Adriana explains, “It’s creating a safe space for work because if you’re working on a team where people aren’t feeling that psychological safety, to be able to fail, to be able to tell their boss ‘Oh, I made this mistake’, it’s going to just create this horrible culture of mistrust and then there’s they’re going to be anxious and then no one’s going to do a good job.”
Why is OpenTelemetry important?
OpenTelemetry is a CNCF project that provides a set of tools for observability by standardizing how data is collected and sent to systems. This standardization makes it easier to monitor and understand system performance across different platforms.
Adriana explains, “The idea is back in the day, every tool out there had their own set of libraries. There was no standardization. So, if you wanted to switch to a different vendor, you basically had to re-instrument your code. So basically, add the code to your code that emits those signals, those traces, metrics, and logs so that you could send it out to that vendor tool. But with the advent of OpenTelemetry, various observability vendors came together and said, ‘You know what? Let’s standardize this thing,’ so that what’s distinguishing us isn’t the data that we’re sending. We’re all receiving the same data. So what distinguishes one vendor from another is how they interpret the data, what are they doing with the data in a way that you, SRE, can look at stuff and say, ‘Okay, I have an inkling as to what’s going on’ and allows them to troubleshoot. And I think that’s the thing that’s exciting about OpenTelemetry.”

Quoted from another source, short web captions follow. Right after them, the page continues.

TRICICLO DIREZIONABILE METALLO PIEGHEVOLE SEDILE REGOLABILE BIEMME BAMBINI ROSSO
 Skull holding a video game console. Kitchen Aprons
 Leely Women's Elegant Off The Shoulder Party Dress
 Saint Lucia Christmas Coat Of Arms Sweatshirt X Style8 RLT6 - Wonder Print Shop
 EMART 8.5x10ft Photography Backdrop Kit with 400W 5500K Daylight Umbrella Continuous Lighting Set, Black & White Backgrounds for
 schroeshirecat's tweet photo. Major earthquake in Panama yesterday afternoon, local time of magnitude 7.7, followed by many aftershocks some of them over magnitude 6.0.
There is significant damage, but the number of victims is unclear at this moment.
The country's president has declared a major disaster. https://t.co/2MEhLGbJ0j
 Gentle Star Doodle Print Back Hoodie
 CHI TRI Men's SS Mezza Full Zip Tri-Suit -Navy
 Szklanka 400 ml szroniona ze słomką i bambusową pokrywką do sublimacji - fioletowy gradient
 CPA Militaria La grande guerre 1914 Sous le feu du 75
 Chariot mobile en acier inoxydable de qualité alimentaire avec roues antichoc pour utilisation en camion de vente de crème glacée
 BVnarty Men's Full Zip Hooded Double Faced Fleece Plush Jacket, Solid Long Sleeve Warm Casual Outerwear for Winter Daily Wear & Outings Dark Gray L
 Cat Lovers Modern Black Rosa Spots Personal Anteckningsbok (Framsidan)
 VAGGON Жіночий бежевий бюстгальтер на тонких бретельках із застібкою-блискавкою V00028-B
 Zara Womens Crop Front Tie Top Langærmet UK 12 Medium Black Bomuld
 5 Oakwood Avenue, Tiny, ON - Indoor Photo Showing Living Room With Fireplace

What’s the most common oversight in implementing observability?
Implementing observability is essential for system reliability, but teams sometimes overlook vital aspects. Arin asked Adriana about the most common oversight software teams make when integrating observability into their applications. Here’s what she said:
“So, actually, the biggest one is getting into the habit of instrumenting your code as you write it because we’ve got into the habit now of writing tests as we code, which is awesome. And even when we write our code, we’ll slap in log statements. We do that for debugging. We do that so that when things go caca, we know what’s going on. So when you’re instrumenting your code using something like OpenTelemetry, that’s basically the same as you’re adding logs using OpenTelemetry. So getting folks to get into that habit of doing that as they code.”